* **Working data**
———

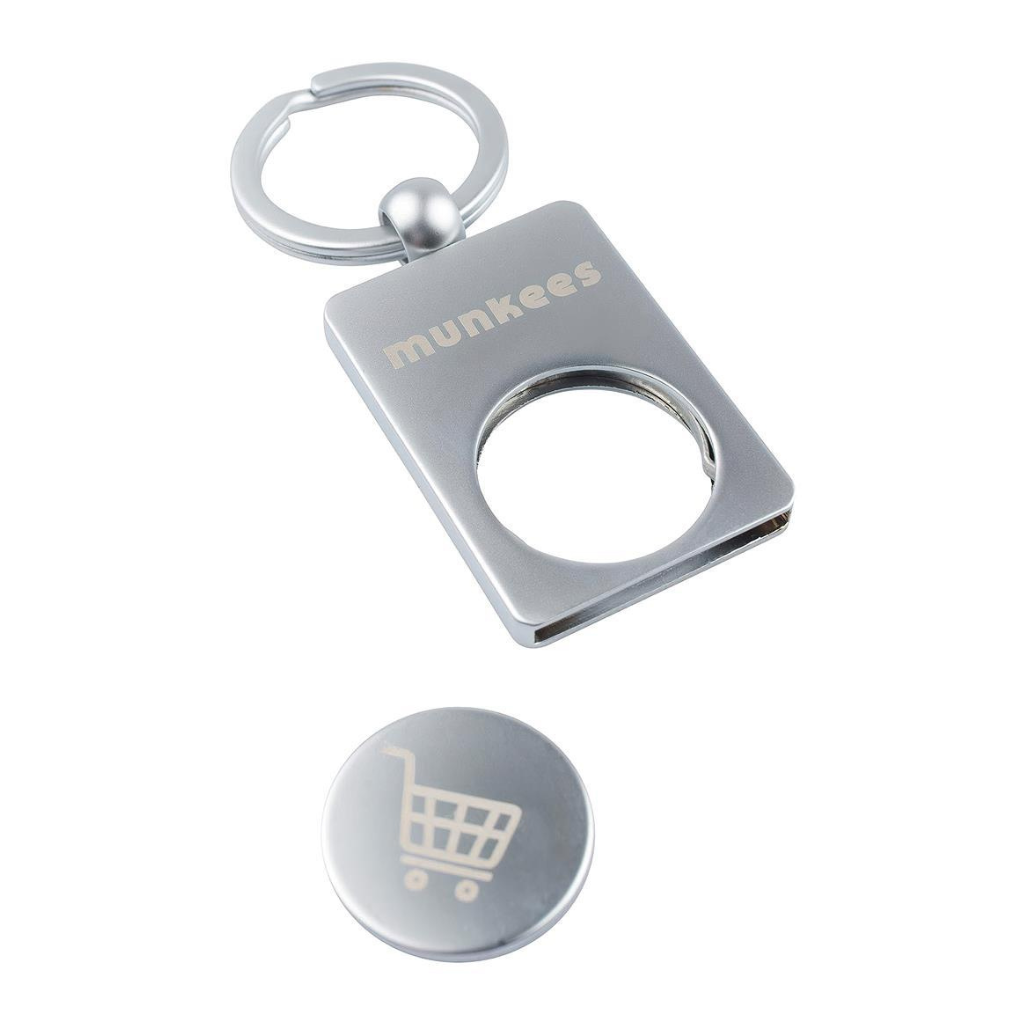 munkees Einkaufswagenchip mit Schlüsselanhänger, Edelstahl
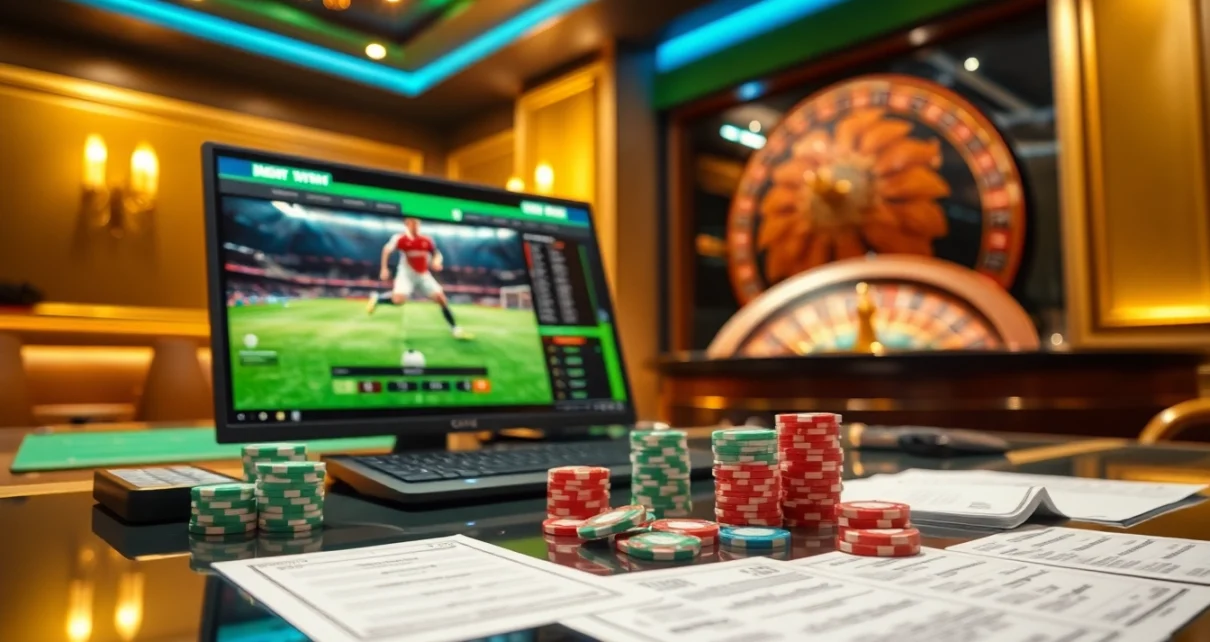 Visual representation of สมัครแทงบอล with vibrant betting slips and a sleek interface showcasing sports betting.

———

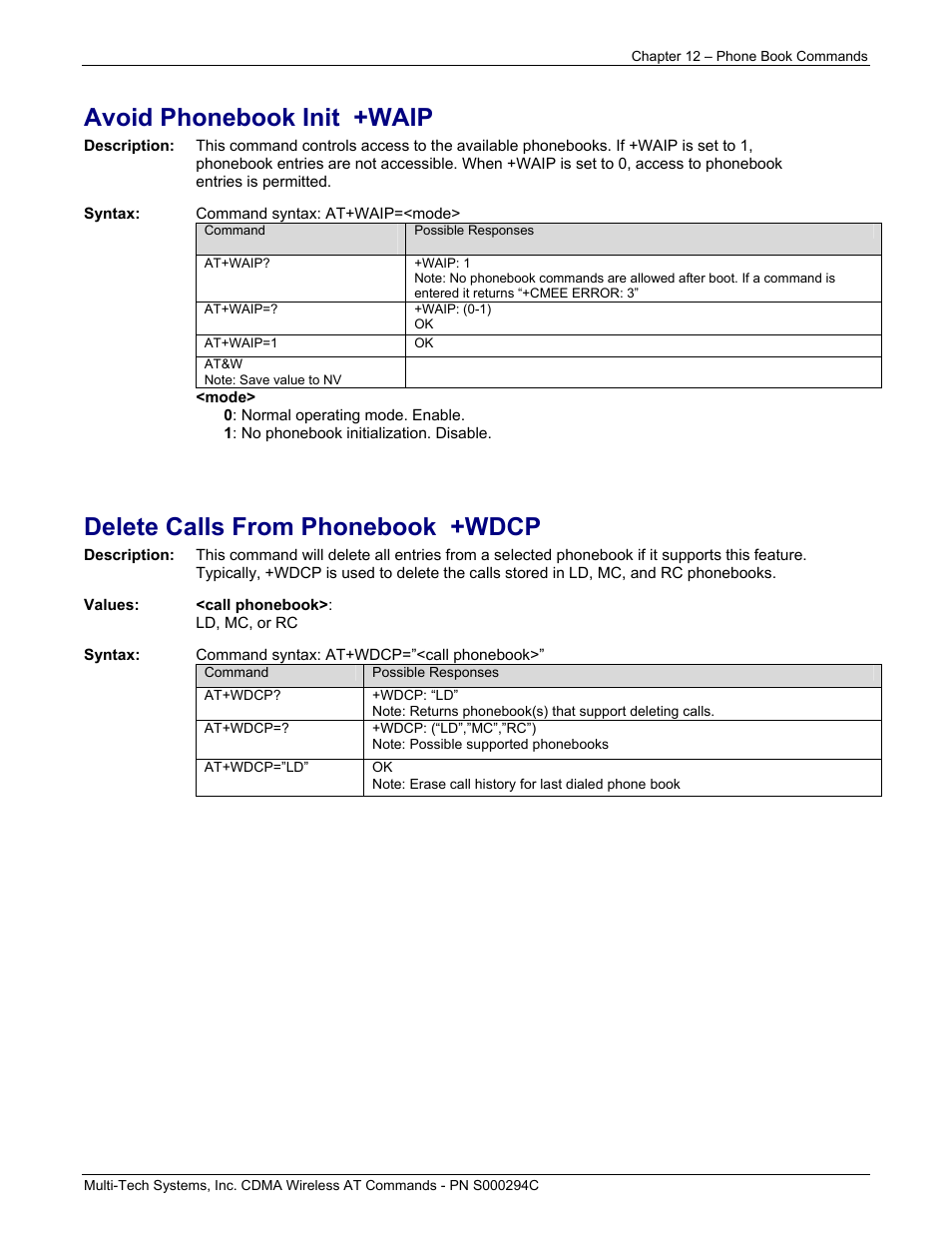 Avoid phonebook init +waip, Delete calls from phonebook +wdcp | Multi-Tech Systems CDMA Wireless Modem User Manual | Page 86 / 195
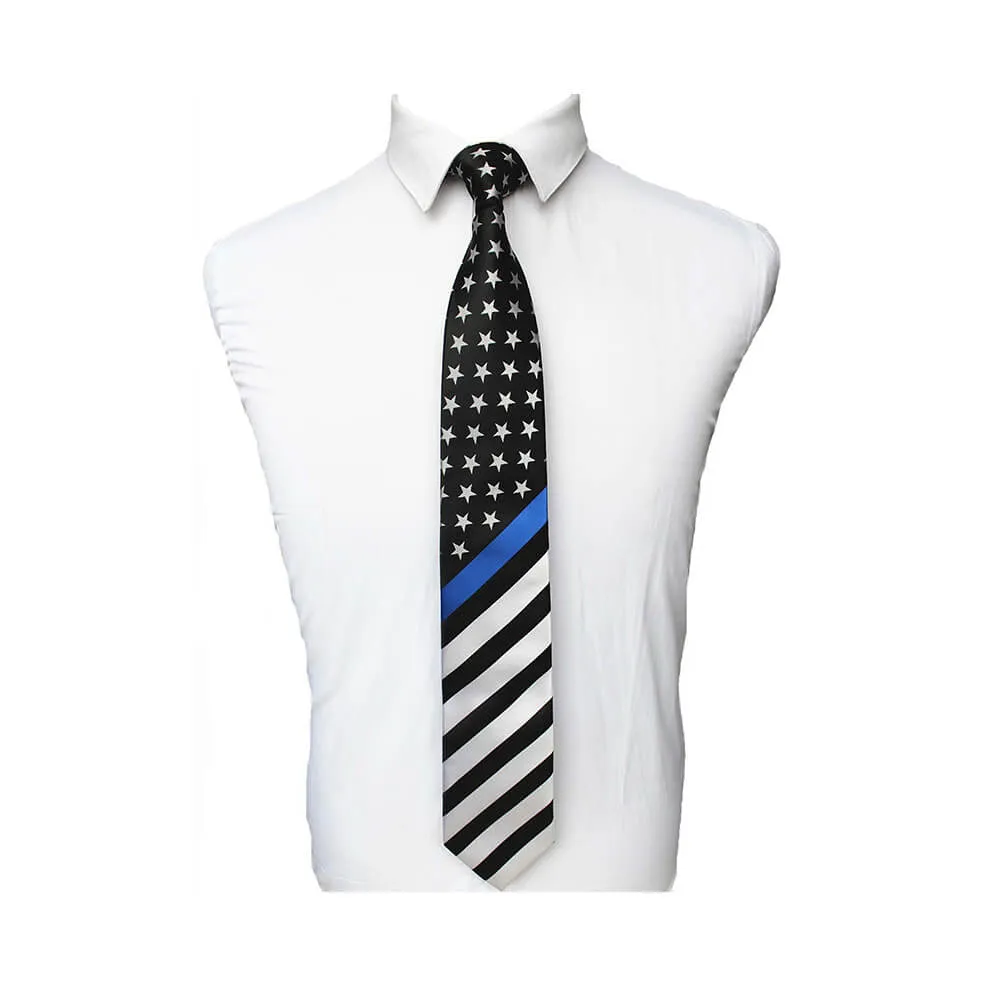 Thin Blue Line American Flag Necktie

———

* **Your task**
Look above for the line with "munkees Einkaufswagenchip mit", then print it and each line after it down to and including the line with "Visual representation of". Leave out the pictures and keep the wording exact.

* **Task result**
 munkees Einkaufswagenchip mit Schlüsselanhänger, Edelstahl
 Visual representation of สมัครแทงบอล with vibrant betting slips and a sleek interface showcasing sports betting.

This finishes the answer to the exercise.